┌────────
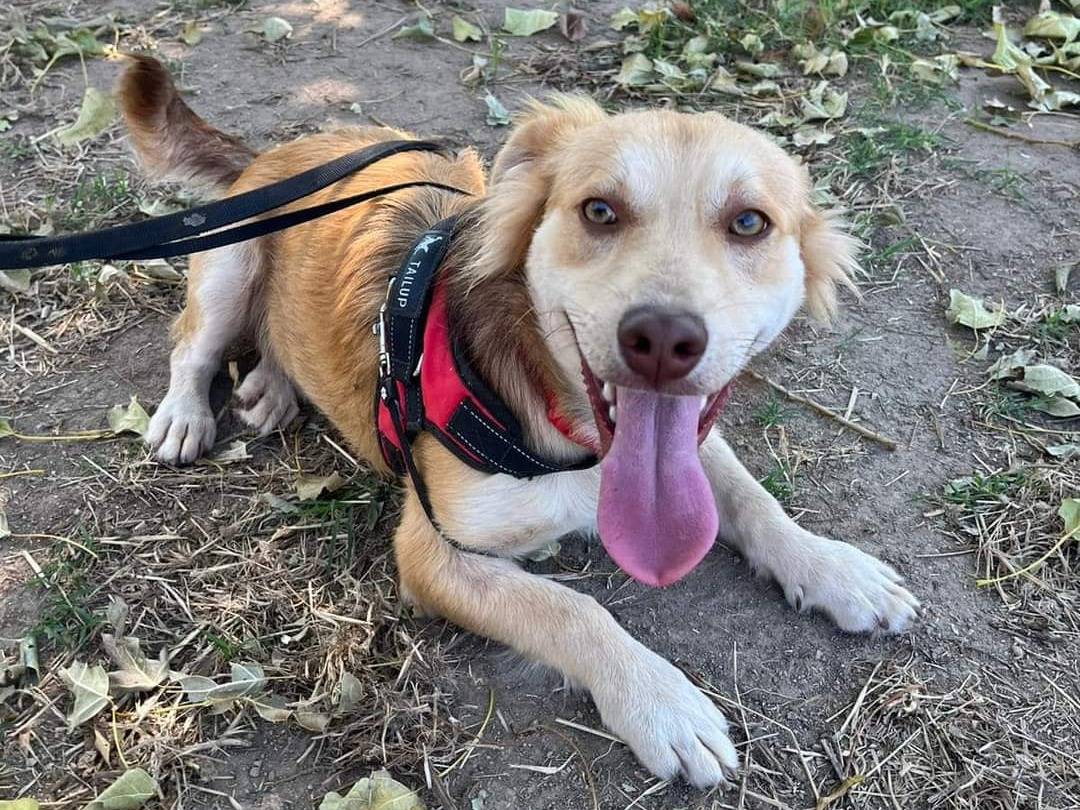 Adotta un cane, maschio, 2 anni e 11 mesi, Napoli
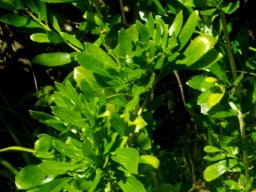 Freylinia tropica leaves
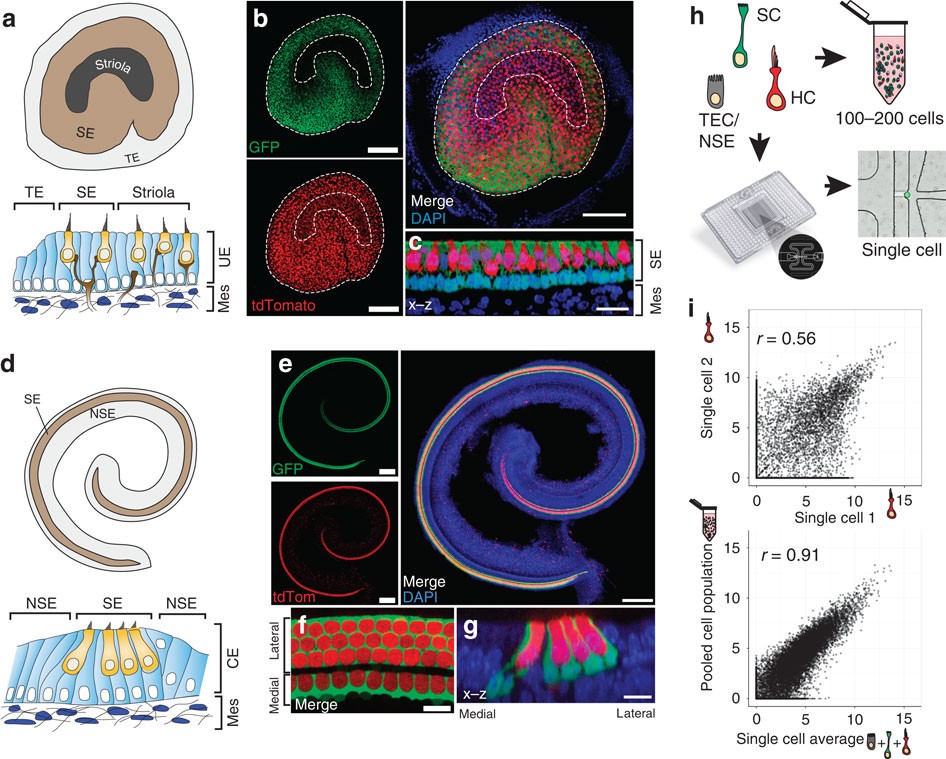 Single-cell RNA-Seq resolves cellular complexity in sensory organs from the  neonatal inner ear | Nature Communications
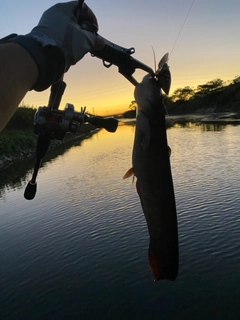 ナマズの釣果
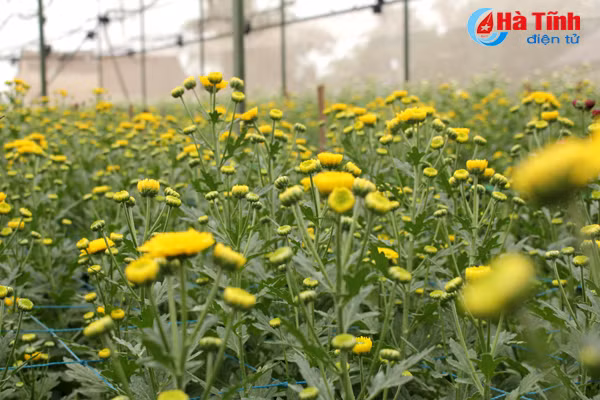 lang hoa bac son ruc ro khoe sac don xuan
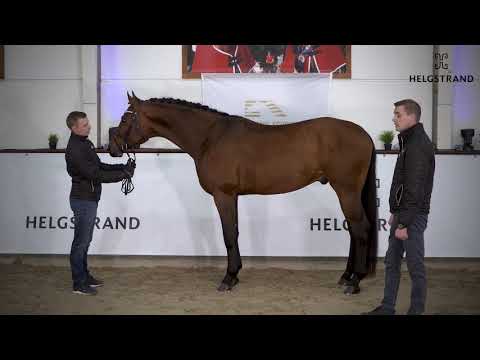 Fynch Hatton by Formel Eins / Sir Donnerhall I – stallion born 2016 (ENG)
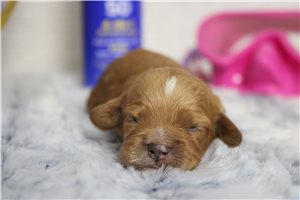 Daffodil - Cockapoo for sale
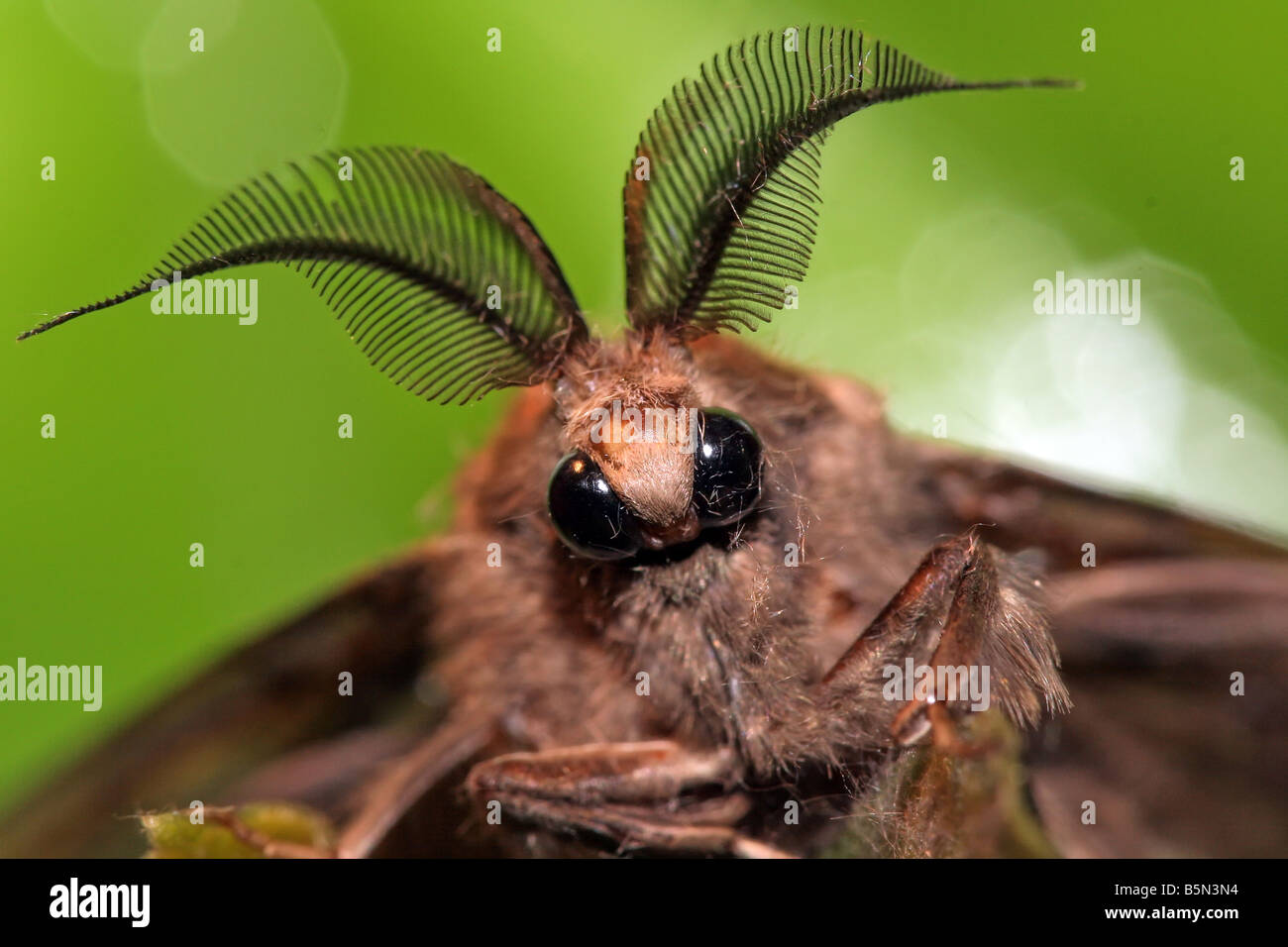 Closeup ritratto della farfalla notturna (specie sconosciute), Malaysia Foto Stock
└────────
**Brief**. Could the listing above be printed again in full, with every picture omitted?

**Solution to this exercise**.
 Adotta un cane, maschio, 2 anni e 11 mesi, Napoli
 Freylinia tropica leaves
 Single-cell RNA-Seq resolves cellular complexity in sensory organs from the  neonatal inner ear | Nature Communications
 ナマズの釣果
 lang hoa bac son ruc ro khoe sac don xuan
 Fynch Hatton by Formel Eins / Sir Donnerhall I – stallion born 2016 (ENG)
 Daffodil - Cockapoo for sale
 Closeup ritratto della farfalla notturna (specie sconosciute), Malaysia Foto Stock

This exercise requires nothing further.